The appeal is … I hate talking about childhood, because I can’t separate my childhood from my current psyche. I was more grown-up when I was a child than I am now. That’s a complicated question. The easy answer is, “Oh, I got beaten up a lot.” And by “a lot” I mean a lot. Like, I could not go to school sometimes. I was harassed to such a point in junior high that teachers and the principal, their only plan was, they let me out of school 15 minutes early so I could get a running start. So certainly that was part of it, to be able to have revenge. That said, I think that’s too easy, because I never really had those simple revenge fantasies. In fact, my revenge fantasy in high school was always that I would get beaten to a point where I was almost dead, and get carried through the halls, and that the cute boys I loved would feel bad for me. It was like a martyrdom that turned me on.
And going back even further, even before I was bullied I knew that I was a little faggot, and there was something wrong and to keep it secret. I guess I was bullied when I was younger, because I would get called a faggot at a very young age, or get shouted at, or get called that by a teacher. And my answer was always: “Yes.” So we were at an impasse. I was never one to say, “Yes, so what, it’s normal.” I was always one to say, “Yeah, it’s the most abnormal thing in the world. And that makes me better than you.” I guess it was a little revenge thing. I never stood for my rights and said, “No, I should be treated like this,” which I think would’ve been healthy. Instead I was like, “You’re right, I’m sick and I’m wrong and I’m going to be the wrongest thing that there can be.” My impulse was always to push that, so that involved writing, it involved finding the evillest things I could find. The Marquis de Sade, Baudelaire. Fashion for sure was part of it. Music.
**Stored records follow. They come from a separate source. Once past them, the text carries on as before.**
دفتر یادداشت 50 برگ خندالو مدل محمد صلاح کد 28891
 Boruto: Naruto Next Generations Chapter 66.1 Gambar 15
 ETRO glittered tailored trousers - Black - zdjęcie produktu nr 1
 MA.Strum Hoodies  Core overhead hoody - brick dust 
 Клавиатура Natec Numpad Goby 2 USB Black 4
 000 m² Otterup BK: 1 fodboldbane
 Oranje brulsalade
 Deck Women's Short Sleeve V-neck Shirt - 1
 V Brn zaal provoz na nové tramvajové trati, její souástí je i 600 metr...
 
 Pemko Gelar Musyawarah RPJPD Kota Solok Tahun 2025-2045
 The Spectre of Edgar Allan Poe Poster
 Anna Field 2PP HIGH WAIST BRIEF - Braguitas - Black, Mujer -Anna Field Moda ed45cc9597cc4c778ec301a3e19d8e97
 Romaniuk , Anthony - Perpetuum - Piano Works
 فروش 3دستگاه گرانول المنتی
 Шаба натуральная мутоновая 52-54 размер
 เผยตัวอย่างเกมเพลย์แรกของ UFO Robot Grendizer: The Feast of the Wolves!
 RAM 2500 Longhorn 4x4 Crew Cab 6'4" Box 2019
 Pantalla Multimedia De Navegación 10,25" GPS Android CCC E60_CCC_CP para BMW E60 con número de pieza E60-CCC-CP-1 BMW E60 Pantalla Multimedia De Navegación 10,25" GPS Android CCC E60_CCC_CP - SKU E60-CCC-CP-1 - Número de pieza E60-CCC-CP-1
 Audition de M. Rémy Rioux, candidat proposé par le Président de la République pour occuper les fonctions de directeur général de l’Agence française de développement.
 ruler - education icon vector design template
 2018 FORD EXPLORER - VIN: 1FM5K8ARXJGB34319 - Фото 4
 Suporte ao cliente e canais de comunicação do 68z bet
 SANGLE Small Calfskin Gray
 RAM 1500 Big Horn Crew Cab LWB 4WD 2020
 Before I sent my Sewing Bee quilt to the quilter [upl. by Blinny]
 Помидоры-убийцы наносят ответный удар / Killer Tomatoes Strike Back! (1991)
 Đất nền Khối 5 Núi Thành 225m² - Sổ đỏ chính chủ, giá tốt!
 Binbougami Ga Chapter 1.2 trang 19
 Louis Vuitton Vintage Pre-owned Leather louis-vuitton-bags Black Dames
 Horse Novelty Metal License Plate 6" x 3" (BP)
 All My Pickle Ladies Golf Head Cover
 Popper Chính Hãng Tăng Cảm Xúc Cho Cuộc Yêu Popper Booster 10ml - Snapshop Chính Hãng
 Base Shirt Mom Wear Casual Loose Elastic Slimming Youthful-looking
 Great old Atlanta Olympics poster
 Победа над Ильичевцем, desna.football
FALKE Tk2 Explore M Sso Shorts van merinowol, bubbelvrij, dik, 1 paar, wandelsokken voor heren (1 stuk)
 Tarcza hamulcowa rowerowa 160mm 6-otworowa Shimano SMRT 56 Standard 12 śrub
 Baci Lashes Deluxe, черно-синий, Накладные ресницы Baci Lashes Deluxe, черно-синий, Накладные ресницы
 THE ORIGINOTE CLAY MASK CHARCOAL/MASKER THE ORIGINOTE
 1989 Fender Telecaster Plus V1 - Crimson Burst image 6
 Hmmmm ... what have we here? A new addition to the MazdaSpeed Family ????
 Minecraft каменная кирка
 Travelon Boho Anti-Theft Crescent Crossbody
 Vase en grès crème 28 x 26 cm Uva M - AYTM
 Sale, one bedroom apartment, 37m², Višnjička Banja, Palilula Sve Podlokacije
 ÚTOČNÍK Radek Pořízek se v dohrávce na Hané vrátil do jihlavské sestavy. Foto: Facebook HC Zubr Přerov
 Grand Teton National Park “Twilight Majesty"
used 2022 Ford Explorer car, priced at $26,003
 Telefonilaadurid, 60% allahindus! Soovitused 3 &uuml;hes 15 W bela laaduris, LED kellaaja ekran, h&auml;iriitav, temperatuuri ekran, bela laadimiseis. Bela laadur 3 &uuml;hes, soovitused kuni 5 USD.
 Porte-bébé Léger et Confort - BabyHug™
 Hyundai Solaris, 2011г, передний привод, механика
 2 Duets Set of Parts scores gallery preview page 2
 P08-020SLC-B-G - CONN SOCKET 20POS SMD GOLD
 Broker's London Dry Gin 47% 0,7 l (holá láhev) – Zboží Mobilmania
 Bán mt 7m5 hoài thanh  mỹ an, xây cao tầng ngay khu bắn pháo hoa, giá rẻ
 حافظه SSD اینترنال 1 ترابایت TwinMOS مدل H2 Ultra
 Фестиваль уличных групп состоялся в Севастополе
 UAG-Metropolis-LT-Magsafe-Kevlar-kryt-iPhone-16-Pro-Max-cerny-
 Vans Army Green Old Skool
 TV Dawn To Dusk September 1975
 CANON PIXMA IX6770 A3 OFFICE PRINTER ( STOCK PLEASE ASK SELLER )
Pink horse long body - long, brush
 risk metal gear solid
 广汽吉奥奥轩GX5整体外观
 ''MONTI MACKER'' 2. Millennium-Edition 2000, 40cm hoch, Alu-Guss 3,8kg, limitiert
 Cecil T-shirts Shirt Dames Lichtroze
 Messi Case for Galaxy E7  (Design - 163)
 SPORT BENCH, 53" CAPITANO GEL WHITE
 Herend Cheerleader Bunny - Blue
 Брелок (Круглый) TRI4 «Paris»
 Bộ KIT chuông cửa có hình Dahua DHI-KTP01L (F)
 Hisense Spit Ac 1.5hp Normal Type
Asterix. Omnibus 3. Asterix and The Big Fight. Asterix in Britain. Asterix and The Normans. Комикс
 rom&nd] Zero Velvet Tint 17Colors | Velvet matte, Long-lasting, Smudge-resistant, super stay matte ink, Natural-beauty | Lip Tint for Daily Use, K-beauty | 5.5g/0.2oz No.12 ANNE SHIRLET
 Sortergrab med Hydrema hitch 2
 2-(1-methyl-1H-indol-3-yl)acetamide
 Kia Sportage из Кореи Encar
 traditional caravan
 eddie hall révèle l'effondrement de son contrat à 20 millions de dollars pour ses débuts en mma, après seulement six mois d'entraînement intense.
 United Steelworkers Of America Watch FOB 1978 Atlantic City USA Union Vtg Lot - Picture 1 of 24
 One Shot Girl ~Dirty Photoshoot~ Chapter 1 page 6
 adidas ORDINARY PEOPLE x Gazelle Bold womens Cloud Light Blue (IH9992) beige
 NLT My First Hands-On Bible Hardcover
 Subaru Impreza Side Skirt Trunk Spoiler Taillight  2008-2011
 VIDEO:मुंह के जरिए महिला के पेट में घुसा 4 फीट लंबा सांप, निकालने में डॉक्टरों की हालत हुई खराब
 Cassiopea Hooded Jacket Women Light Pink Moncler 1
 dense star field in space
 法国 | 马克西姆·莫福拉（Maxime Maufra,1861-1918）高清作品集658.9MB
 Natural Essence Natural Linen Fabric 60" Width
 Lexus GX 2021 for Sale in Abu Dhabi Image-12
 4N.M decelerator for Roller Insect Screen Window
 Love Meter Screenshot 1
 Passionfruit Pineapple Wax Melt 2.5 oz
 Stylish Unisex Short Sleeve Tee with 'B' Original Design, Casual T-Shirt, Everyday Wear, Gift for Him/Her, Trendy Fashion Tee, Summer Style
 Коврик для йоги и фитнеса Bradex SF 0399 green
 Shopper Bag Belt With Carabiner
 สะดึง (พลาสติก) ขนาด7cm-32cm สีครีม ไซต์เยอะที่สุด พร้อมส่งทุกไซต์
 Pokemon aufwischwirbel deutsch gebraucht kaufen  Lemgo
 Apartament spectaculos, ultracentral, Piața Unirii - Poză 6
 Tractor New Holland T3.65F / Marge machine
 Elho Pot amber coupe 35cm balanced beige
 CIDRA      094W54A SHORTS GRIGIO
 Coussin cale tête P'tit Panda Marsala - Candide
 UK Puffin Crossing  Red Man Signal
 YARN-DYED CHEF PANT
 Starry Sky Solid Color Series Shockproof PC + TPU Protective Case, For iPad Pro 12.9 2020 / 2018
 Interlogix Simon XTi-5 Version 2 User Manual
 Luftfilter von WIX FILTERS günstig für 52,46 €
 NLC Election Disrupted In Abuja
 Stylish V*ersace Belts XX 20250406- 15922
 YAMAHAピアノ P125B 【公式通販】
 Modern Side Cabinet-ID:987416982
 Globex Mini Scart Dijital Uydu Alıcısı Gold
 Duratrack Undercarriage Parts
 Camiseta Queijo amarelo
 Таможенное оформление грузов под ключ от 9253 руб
It also turned into being very wary of the gay world, because it never occurred to me as a young person to be part of a community where everyone felt like freaks, because if you’re in a community then you can’t be a freak. There has to be one freak, or maybe two freaks. Otherwise you’re not a freak. And it felt necessary to preserve that freakishness. It’s also physical—I remember the first few times I jerked off, I thought, This is too … nothing. So I would try it with cutting myself or stabbing myself or something, which might’ve come from the Marquis de Sade. That was before I was really sick. But when I got cancer everyone was like, “Oh my God, I can’t believe it, this is the best moment of your life.” And in a way they were right, because I’d been waiting for it my whole life, something that big and awful, if not trying to induce it in myself.
I interviewed my friend Derek McCormack about his new book The Well-Dressed Wound, which imagines Martin Margiela as the Devil dressing/tormenting Abraham Lincoln.